Search code examples
pythonweb-scrapingiframemime

I am not able to Scrape Table content with MIME format of data:application/octet-stream using python


I am trying to scrape some data from website, but the data is contained in an Iframe. Initially I scraped the source link but from the source also I am not able to scrape the data. I need help how to extract the data from this source link. Here is the source link: https://chartviewer-europublic.bigapis.net/nzgaV/index.html

Also I am sharing the screenshot here showing the download button url of the data under "a" tag but I am not able to extract this link also.

enter image description here

Here is the code I have used. I have used BeautifulSoup for the scraping.

# Libraries

from bs4 import BeautifulSoup
import requests

# Original website link
url_spain_total="https://anfac.com/cifras-clave/matriculaciones-turismos-y-todoterreno/"

page_total=requests.get(url_spain_total).text

soup_spain_total=BeautifulSoup(page_total,"lxml")

print(soup_spain_total.prettify())

# Getting the list of links in the iframe
result_spain=soup_spain_total.find_all("iframe")
result_spain

# Getting the required source link
total_main_link=result_spain[1]["src"]
total_main_link

After getting the source link, I am not able to extract the table contents.

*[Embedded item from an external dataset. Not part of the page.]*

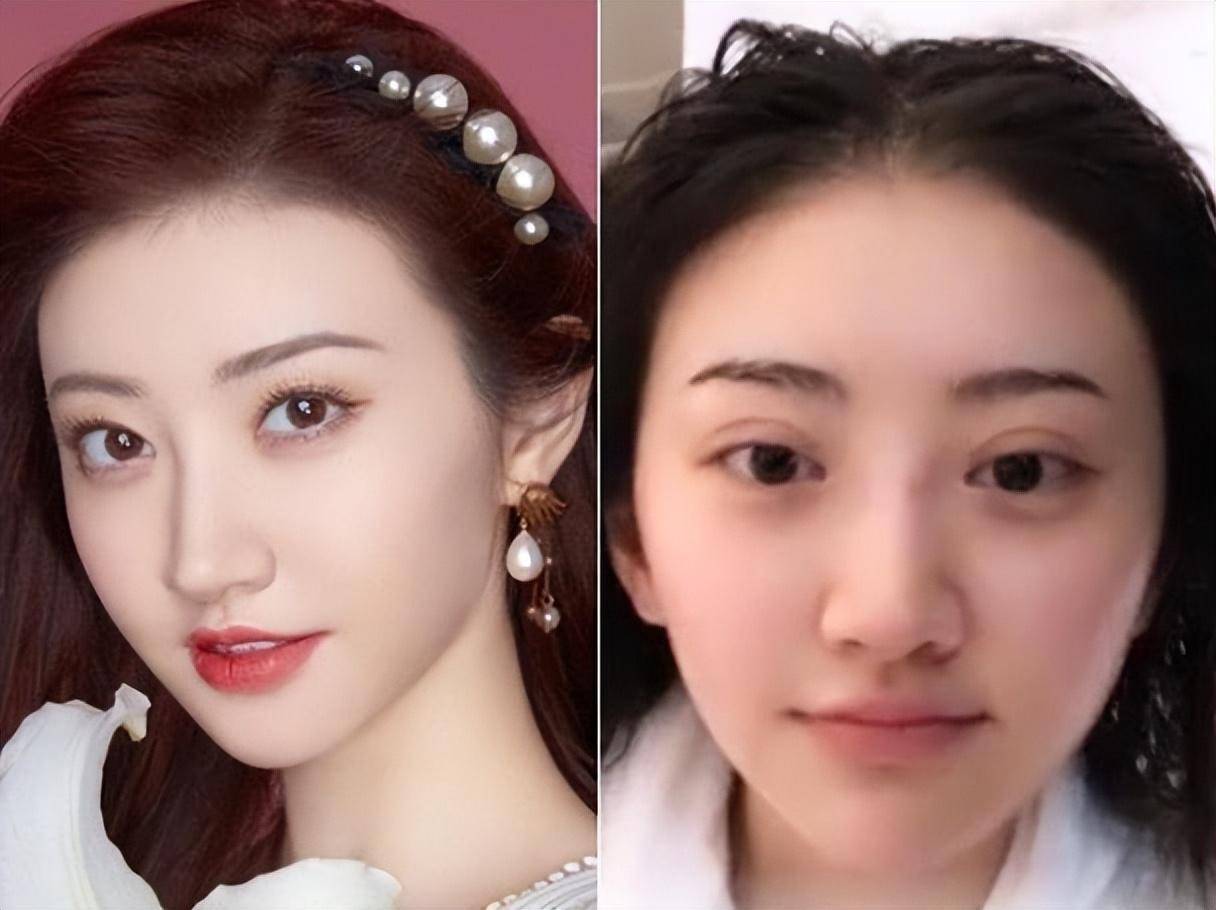 景甜自曝整容失败,坦言差点抑郁,修复完成后悲伤蛙变成甜心女神_风险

Any help is appreciated. Thanks in Advance!


Solution

  • The following is an example of how you can get that data using selenium:

    from selenium import webdriver
    from selenium.webdriver.chrome.service import Service
    from selenium.webdriver.chrome.options import Options
    from selenium.webdriver.common.by import By
    from selenium.webdriver.support.ui import WebDriverWait
    from selenium.webdriver.support import expected_conditions as EC
    import pandas as pd
    
    chrome_options = Options()
    chrome_options.add_argument("--no-sandbox")
    # chrome_options.add_argument("--headless")
    chrome_options.add_argument('disable-notifications')
    chrome_options.add_argument("window-size=1920,1080")
    
    webdriver_service = Service("chromedriver/chromedriver") ## path to where you saved chromedriver binary
    browser = webdriver.Chrome(service=webdriver_service, options=chrome_options)
    wait = WebDriverWait(browser, 20)
    url = ' https://chartviewer-europublic.bigapis.net/nzgaV/index.html'
    browser.get(url) 
    table = wait.until(EC.element_to_be_clickable((By.ID, "datatable")))
    df = pd.read_html(table.get_attribute("outerHTML"))[0]
    print(df)
    

    This will get the information as a dataframe, and display it in terminal:

    Categoría Ago-22 Ago-21 % Variacion Acumulado 2022 Acumulado 2021 % Variacion Acumulado
    0 Gasolina 22.3402 20.0702 11311.31 231.348 279.89 -17-17.34
    1 Diesel 8.9639 8.06481 11211.15 92.9799 119.641 -22-22.29
    2 Resto 20.6042 19.4492 595.94 208.715 188.782 1110.56
    3 Total combustibles 51.9075 47.5835 919.09 533.043 588.314 -9-9.39
    4 Particular 24.9512 26.0833 -4,3-4.34 233.413 236.728 -1-1.4
    5 Empresa 21.7122 17.6732 22922.85 224.337 215.654 44.03
    6 Alquiler 5.24452 3.82738 37037.03 75.2928 135.931 -45-44.61
    7 Total canales 51.9075 47.5835 919.09 533.043 588.314 -9-9.39

    The selenium setup is for linux. However, if you would just peruse the questions on Selenium on this forum, you would find countless examples of selenium/chromedriver setups for Windows, if you are using Windows (or for Mac, for that matter).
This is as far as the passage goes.